Le responsable ne fait aucun pronostic sur le nombre de fermetures forcées de domaines au cours des prochaines années. On prédisait la mort rapide des stations de ski les plus basses il y a 20 ans déjà.
La plupart se sont en effet adaptées efficacement aux nouvelles conditions.
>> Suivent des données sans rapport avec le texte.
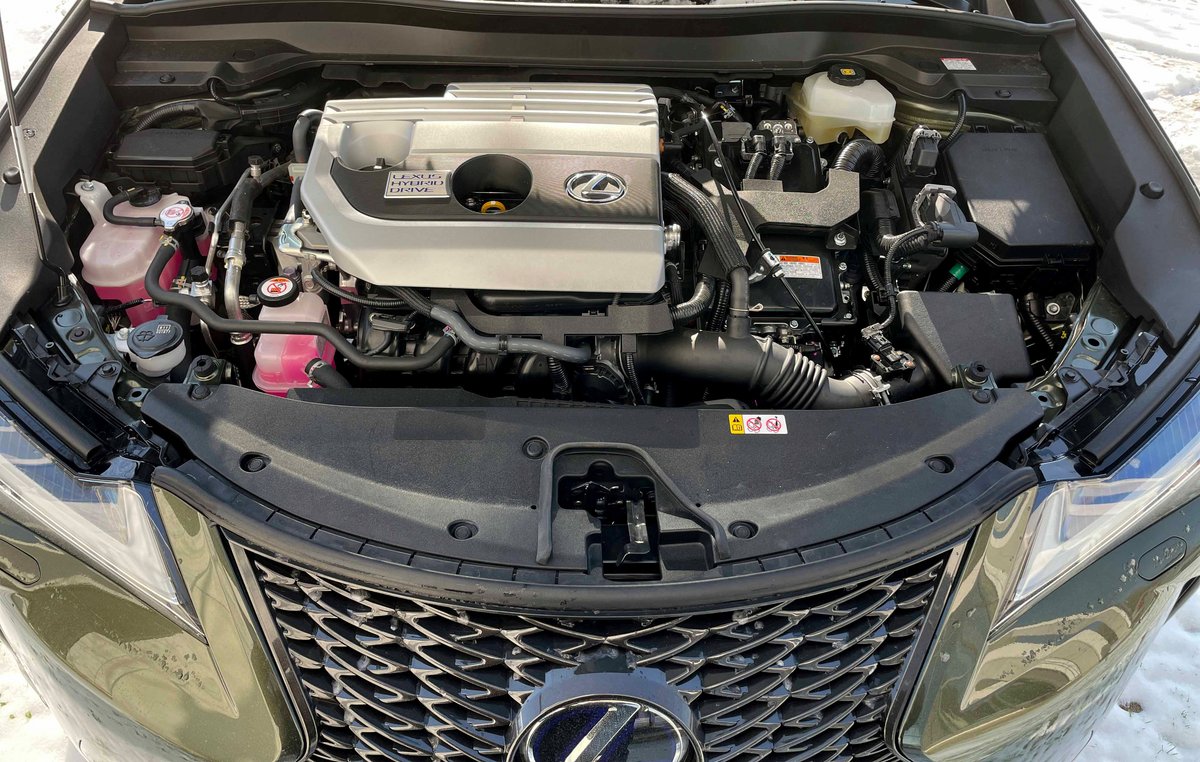 L'UX embarque la quatrième génération de la motorisation Hybride auto-rechargeable de Lexus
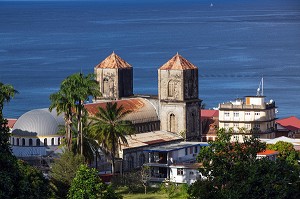 CATHEDRALE NOTRE-DAME DE L'ASSOMPTION (ANCIENNE EGLISE DU MOUILLAGE) DEVASTEE APRES L'ERUPTION DE LA MONTAGNE PELEE EN 1902, SAINT-PIERRE, MARTINIQUE, ANTILLES FRANCAISES, FRANCE 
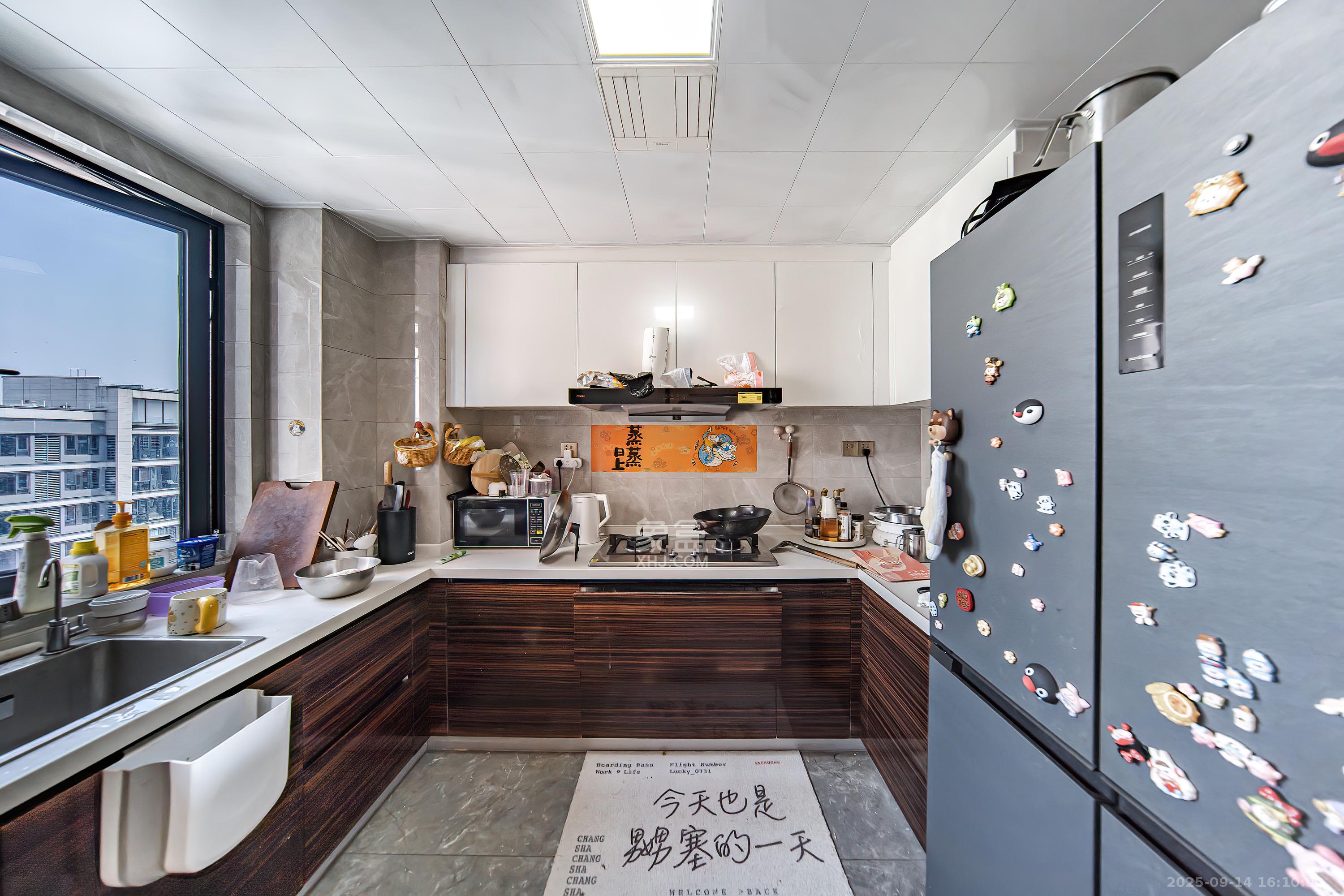 中海阅麓山一期 4室2厅2卫 235.0万 中海阅麓山一期 4室2厅2卫 235.0万厨房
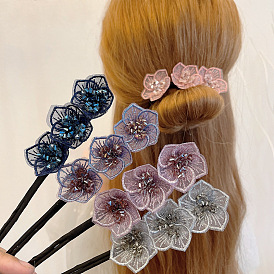Accessoire de cheveux de broderie de fleurs pour les femmes avec des coiffures polyvalentes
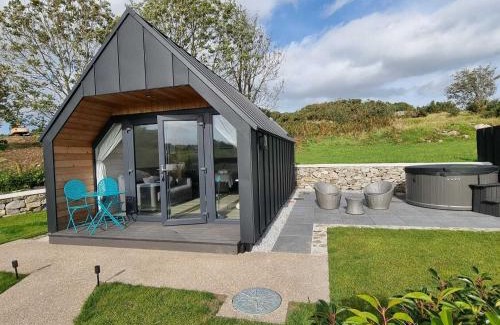 Newry Resort | The Rocks - Luxury Glamping Resort
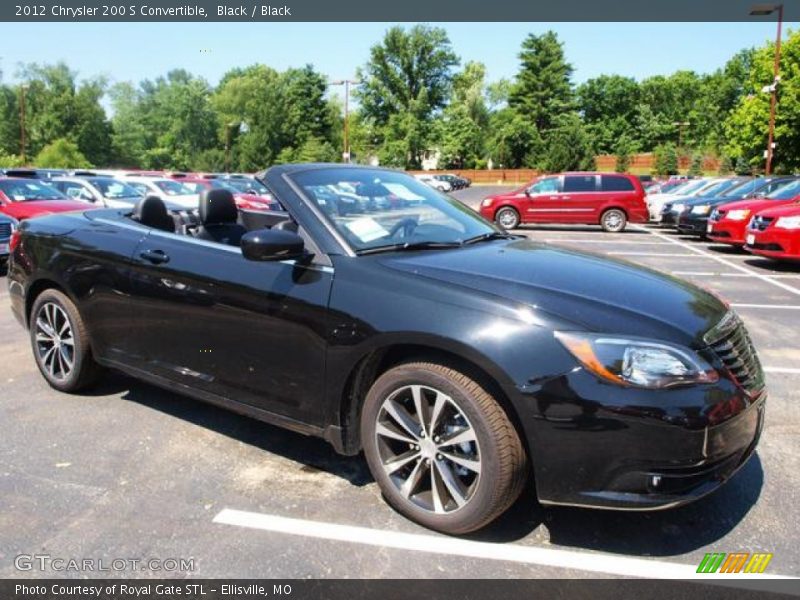 Black / Black 2012 Chrysler 200 S Convertible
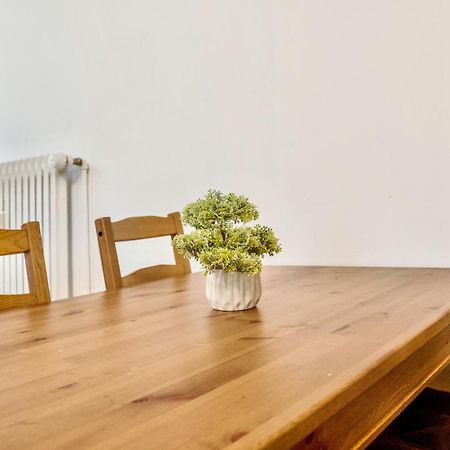 Charmante Altbauwohnung In Бон Екстериор снимка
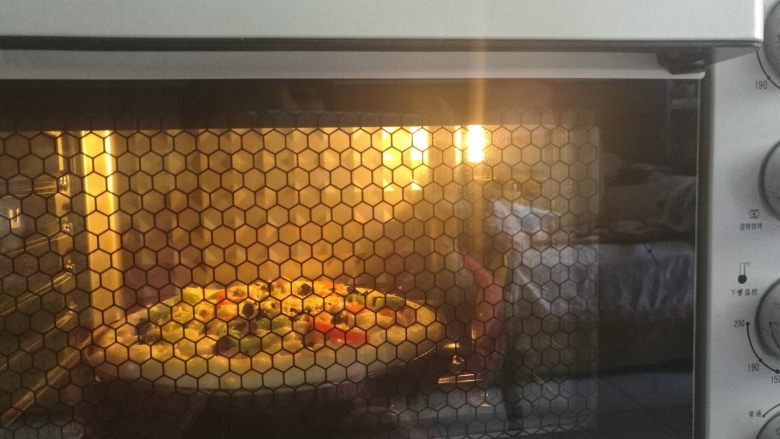 果干鸡肉披萨,放入烤箱上下火200度烘烤20分钟即可。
En ce qui concerne l'enneigement artificiel, il y a actuellement «énormément d'innovations», notamment à propos de la plage de températures dans laquelle on peut y recourir. Alors que la limite de la neige naturelle ne cesse de s'élever, on peut désormais produire de la neige artificielle à des températures plus élevées. La tendance à l'enneigement supplémentaire des pistes va se poursuivre, affirme le directeur de RMS.
Malgré tout, à court terme, l'enneigement continu deviendra de plus en plus rare. Cela entraînera-t-il un renchérissement des tarifs dans les domaines skiables de haute altitude? Berno Stoffel répond par la négative. Le marché helvétique est encore suffisamment grand, selon lui. Les hausses de prix observées ces dernières années sont toutes dues à des coûts plus élevés (comme l'énergie et le personnel) et ne sont pas «dictées par l'offre».
Il ne croit pas non plus aux scénarios chocs qui prédisent des forfaits à plus de 100 francs. Si un domaine skiable devient trop cher, les gens iront ailleurs. Mais le marché joue encore bien son rôle en Suisse.
Moins d'or blanc en montagne, cela signifie aussi beaucoup moins d'or blanc en plaine. Comment prouver alors à la population des villes et des campagnes la qualité des conditions en montagne? «Au début de l'hiver, c'est effectivement parfois difficile», concède le représentant de la branche. Mais là encore, le pays marque des points grâce à sa petite taille.
Les deux faîtières se veulent donc rassurantes sur bon nombre de points, ou du moins, pas totalement défaitistes. Mais que se passera-t-il après 2050? Rien ne semble pouvoir contrer le changement climatique:
En fin de compte, c'est à la politique et à nous-mêmes de décider de la cadence. Car si le réchauffement ne ralentit pas le pas, le seuil critique continuera sa chute. La situation reste compliquée.